Pictures excluded, return the lines below from the first through the line holding "Apartamento T3 na".

## DATASET EXTRACT:
- Opening Delimiter -
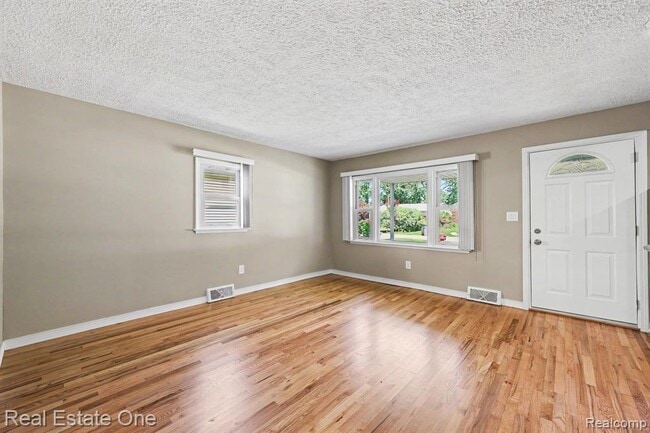 Photo - 1064 Woodslee Ave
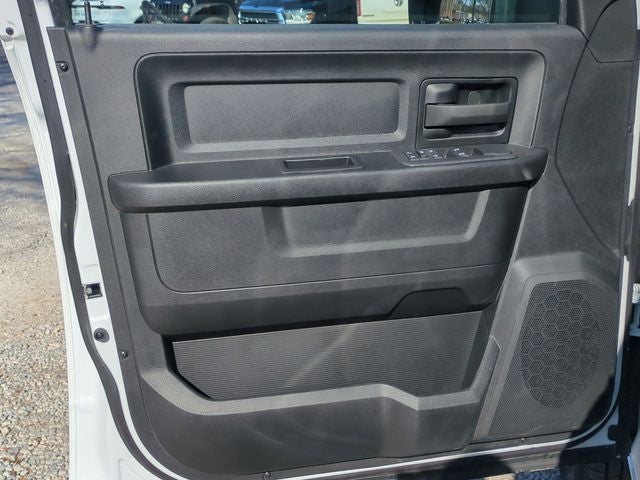 2026 RAM Ram 3500 Chassis Cab RAM 3500 TRADESMAN CREW CAB CHASSIS 4X4 60' CA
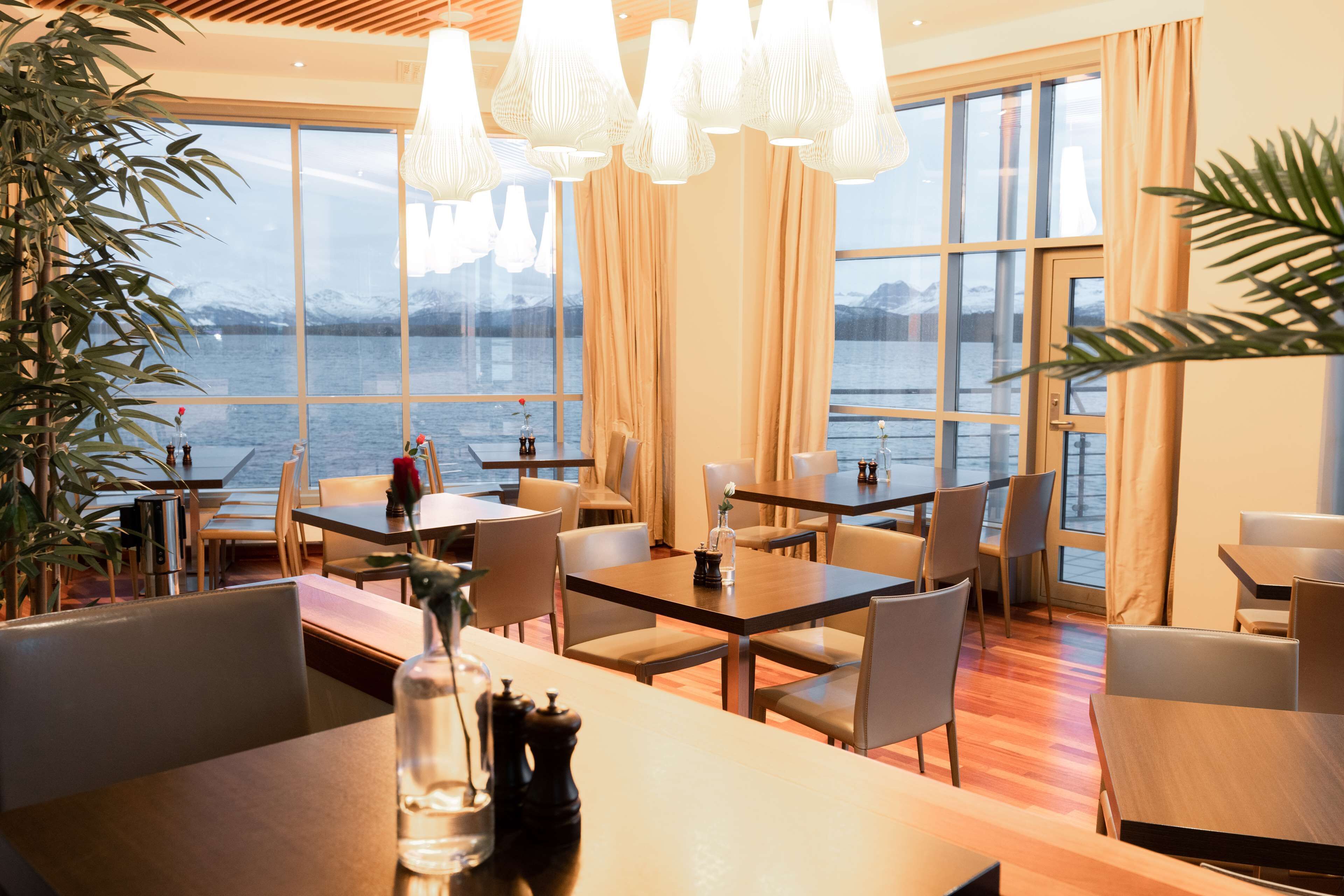 free buffet breakfast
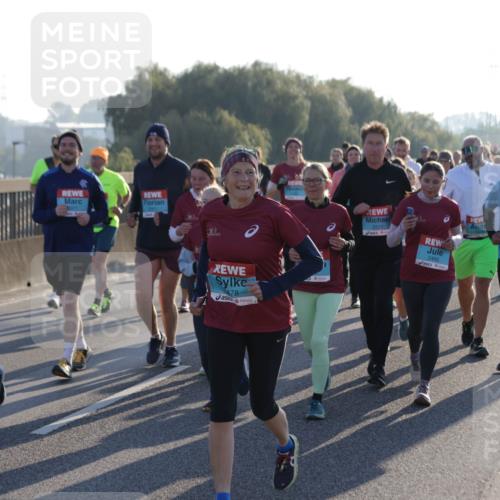 03.10.2025 - Köhlbrandbrückenlauf Jannik Wohlers http://msf.ph/oto/9064482 03.10.2025 09:25:21 Position 3 2212, 478, 2511, 2465 meine-sportfotos.de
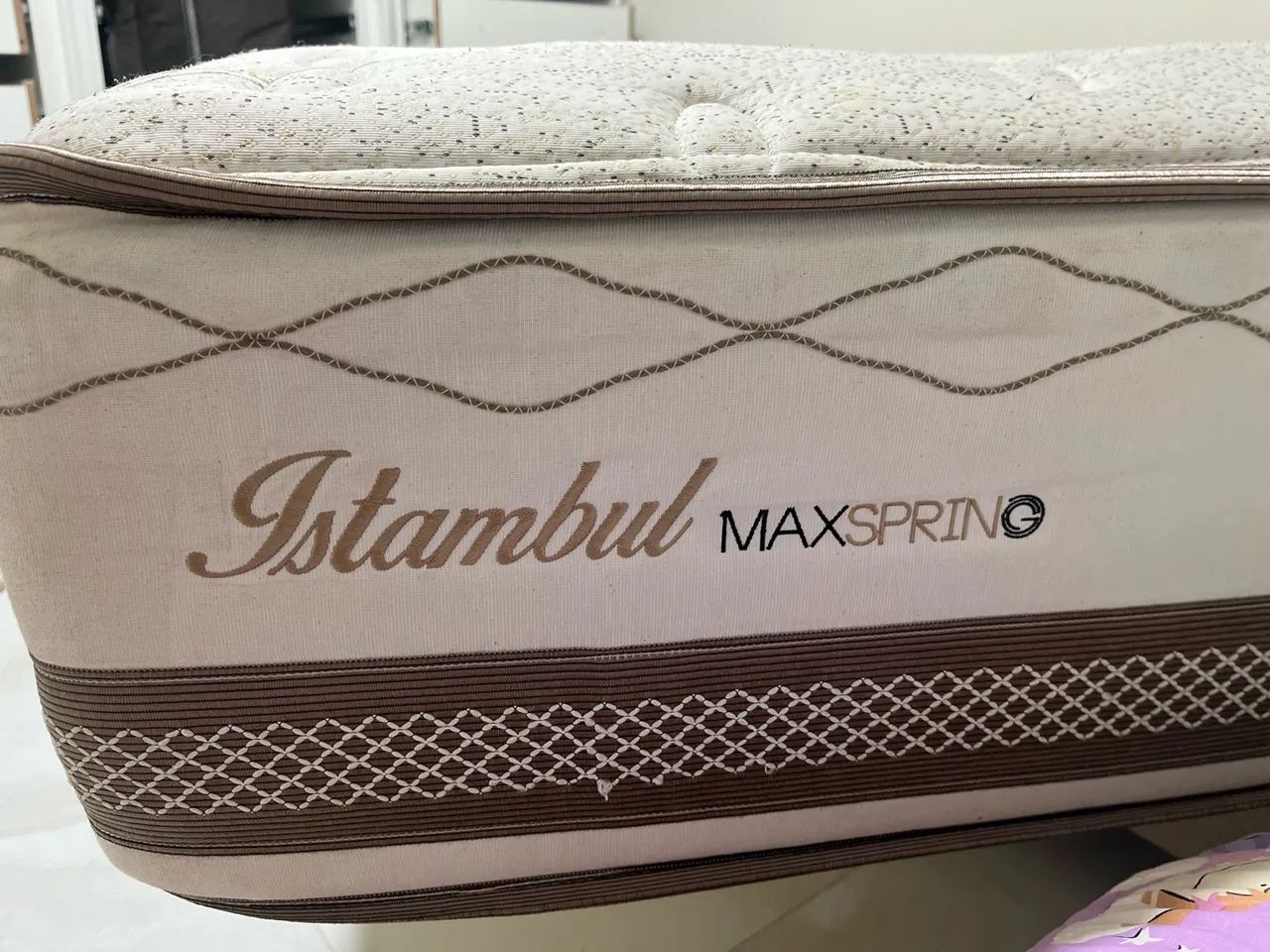 Cama box solteiro Istambul max spring 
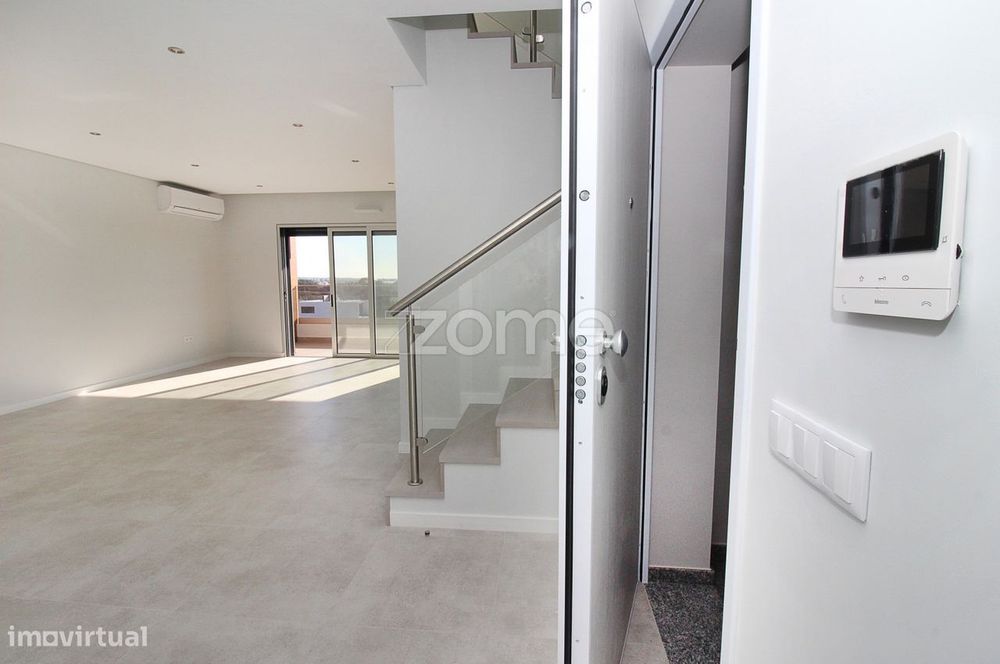 Apartamento T3 na Quinta do Pinhal em Gambelas - Faro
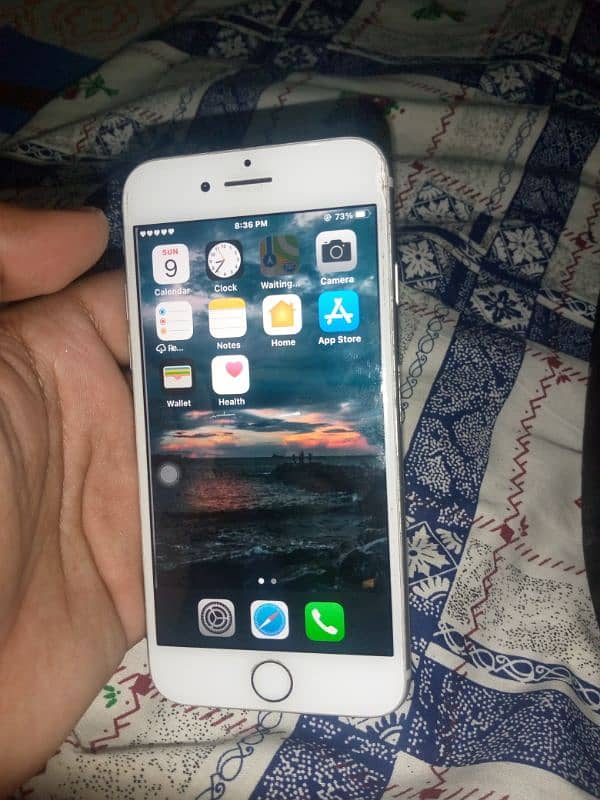 iPhone 7 Silver 32 GB NON PTA 8/10 Condition 4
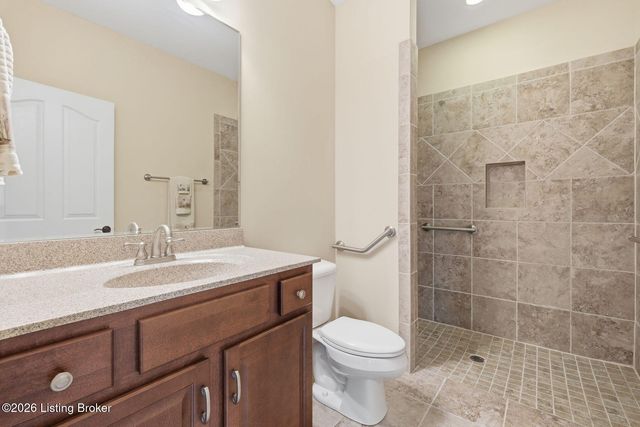 18108 Bellavista Pl, Louisville, KY 40245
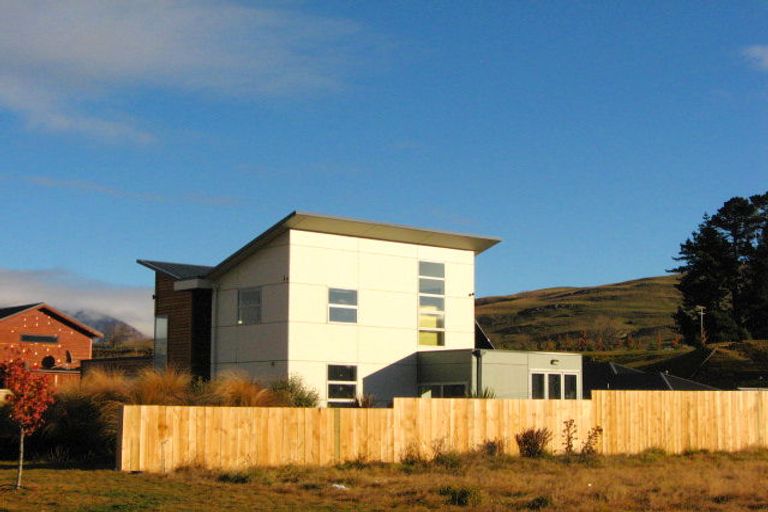 Photo of property in 15 Erskine Street, Lake Hayes, Queenstown, 9304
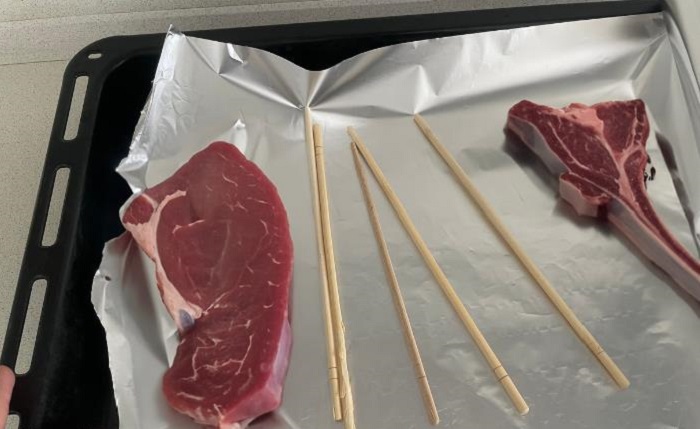 Выкладывайте мясо на палочки для суши. / Изображение: дзен-канал technotion
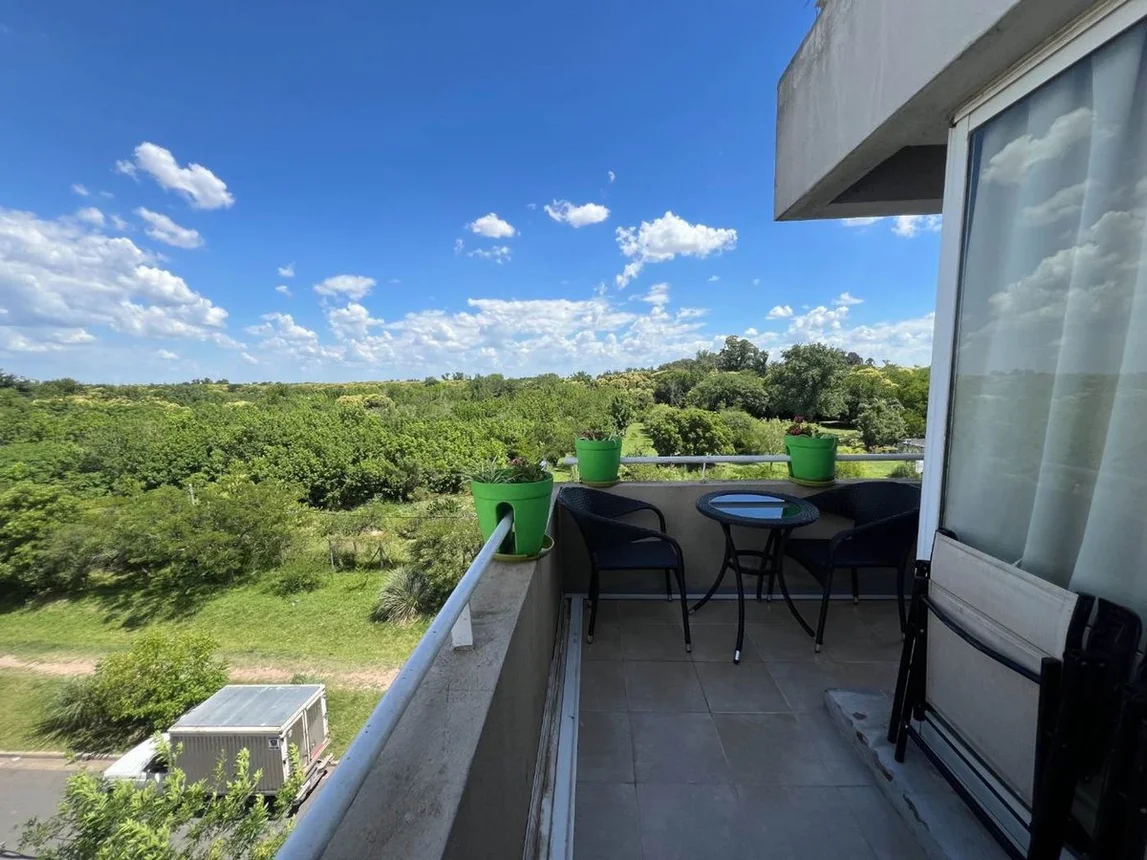 Departamento en venta en Castelar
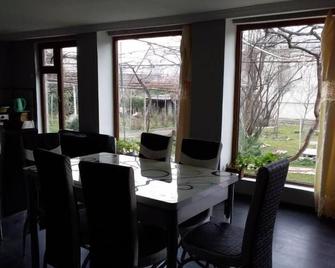 Holiday Home Ekaterine - Telavi - Dining room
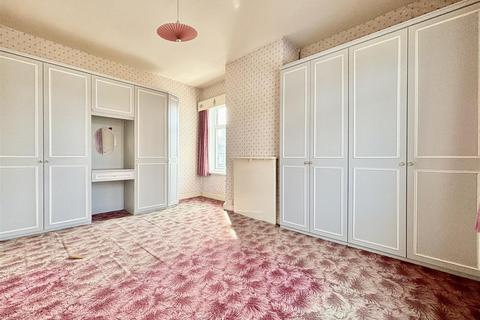 2 Booth Street, Queensbury, Bradford, BD13 2HU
- Closing Delimiter -
## EXPECTED OUTPUT:
 Photo - 1064 Woodslee Ave
 2026 RAM Ram 3500 Chassis Cab RAM 3500 TRADESMAN CREW CAB CHASSIS 4X4 60' CA
 free buffet breakfast
 03.10.2025 - Köhlbrandbrückenlauf Jannik Wohlers http://msf.ph/oto/9064482 03.10.2025 09:25:21 Position 3 2212, 478, 2511, 2465 meine-sportfotos.de
 Cama box solteiro Istambul max spring 
 Apartamento T3 na Quinta do Pinhal em Gambelas - Faro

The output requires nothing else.